> [TASK REQUIREMENTS]
When you transcribe the listing that follows, keep every line exact and skip any picture.

> [SOURCE MATERIAL]
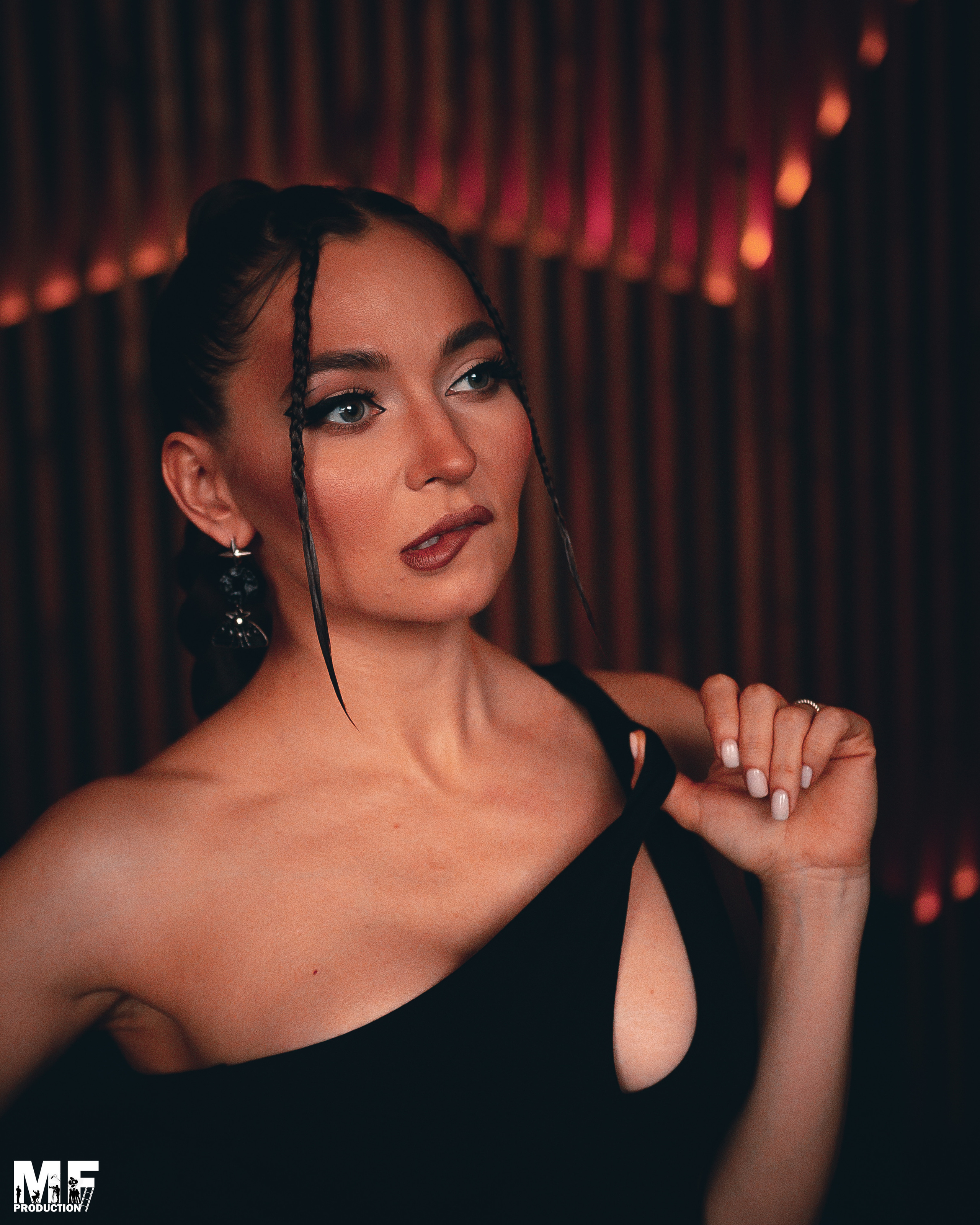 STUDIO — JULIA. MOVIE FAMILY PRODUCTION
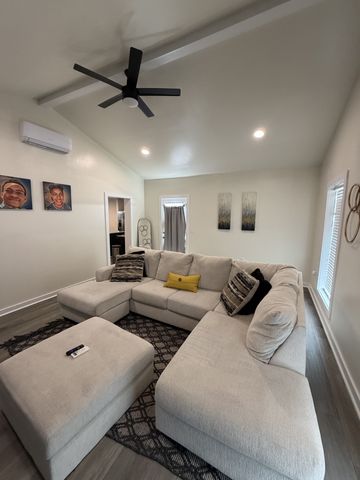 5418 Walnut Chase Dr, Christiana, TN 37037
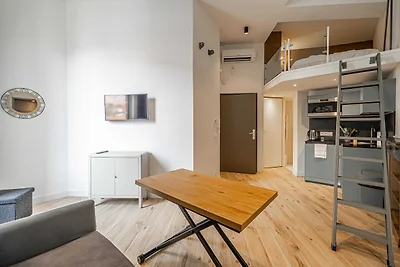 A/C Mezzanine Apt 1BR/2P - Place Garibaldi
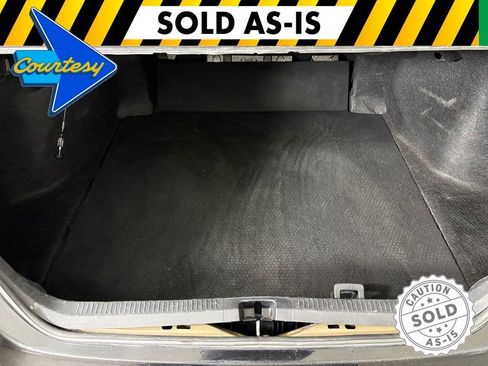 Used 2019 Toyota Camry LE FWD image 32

> [YOUR SOLUTION]
 STUDIO — JULIA. MOVIE FAMILY PRODUCTION
 5418 Walnut Chase Dr, Christiana, TN 37037
 A/C Mezzanine Apt 1BR/2P - Place Garibaldi
 Used 2019 Toyota Camry LE FWD image 32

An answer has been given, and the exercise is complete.